-- Data extracts --
-- -- --

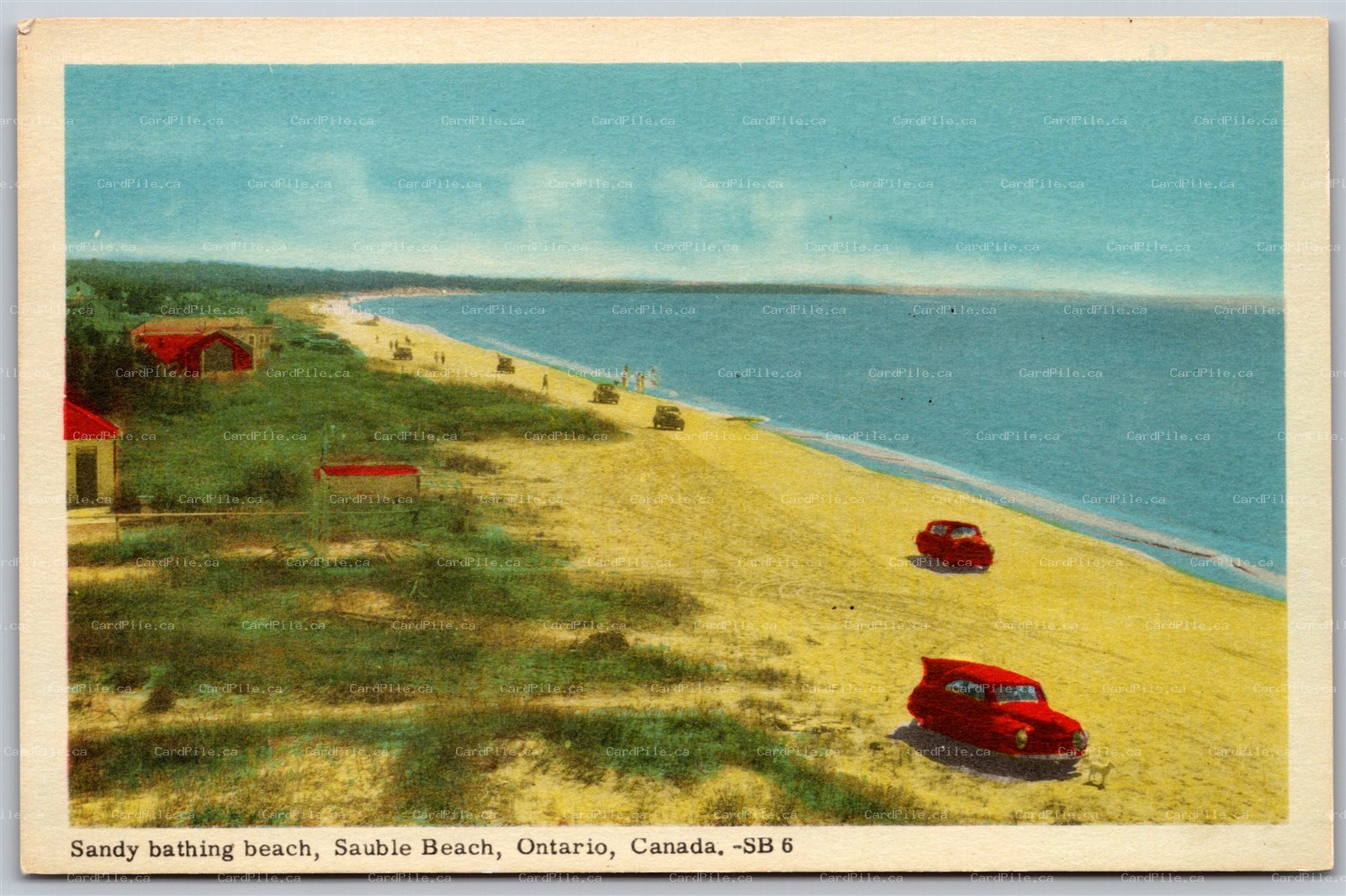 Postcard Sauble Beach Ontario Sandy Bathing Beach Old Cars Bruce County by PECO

-- -- --

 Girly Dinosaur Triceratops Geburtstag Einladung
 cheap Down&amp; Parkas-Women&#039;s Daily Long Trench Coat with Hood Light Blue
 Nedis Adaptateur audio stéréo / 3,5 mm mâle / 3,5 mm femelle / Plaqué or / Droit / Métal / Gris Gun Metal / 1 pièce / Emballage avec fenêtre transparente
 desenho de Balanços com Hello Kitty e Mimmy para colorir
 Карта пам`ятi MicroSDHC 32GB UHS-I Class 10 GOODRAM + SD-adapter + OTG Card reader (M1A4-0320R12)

-- -- --

-- Work to be completed --
Above are the records. Print exactly, and only, the lines from the line with "Nedis Adaptateur audio" to the line with "Card reader (M1A4-0320R12)", both inclusive.

-- Answer space --
 Nedis Adaptateur audio stéréo / 3,5 mm mâle / 3,5 mm femelle / Plaqué or / Droit / Métal / Gris Gun Metal / 1 pièce / Emballage avec fenêtre transparente
 desenho de Balanços com Hello Kitty e Mimmy para colorir
 Карта пам`ятi MicroSDHC 32GB UHS-I Class 10 GOODRAM + SD-adapter + OTG Card reader (M1A4-0320R12)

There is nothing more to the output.